Ride-hailing startup Sidecar has long been overshadowed by its rivals Uber and Lyft, both in number of customers and in institutional investment. After nearly four years of trying to differentiate itself, it has given up the fight.
The company announced in a blog post that it would shutter its ride-hailing and delivery operations on December 31. Sidecar hasn’t ruled out the possibility of using any remaining funds to start side businesses. CEO Sunil Paul wrote in the post that he will consider “strategic alternatives and lay the groundwork for the next big thing.”
But Sidecar did try out various strategies before calling it quits. In 2014, the company rolled out a shared rides feature, and it utilized its fleet of drivers to make food and grocery deliveries to offices.
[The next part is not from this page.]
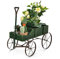 COSTWAY Carrito de Madera Maceta, Maceta Decorativa con Ruedas y 2 Secciones para Plantas, Porta Plantas de Exterior para Jardín, Patio, Terraza 62 x 34 x 60 cm (Verde)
Paul described the business delivery service as a success (“the #1 business-to-business delivery service in the country in a matter of months”) but it may have been introduced too late to turn around the company’s fortunes.
From the blog post:
Shutting down the Sidecar service is a disappointment for our team and our fans. The impact of our work, however, will be felt for generations to come.
Paul didn’t share many insights on why the company failed. Recently, Silicon Valley entrepreneurs have taken to writing “post-mortem” posts to explain their perceived failings in detail. The goal is to help entrepreneurs avoid similar mistakes.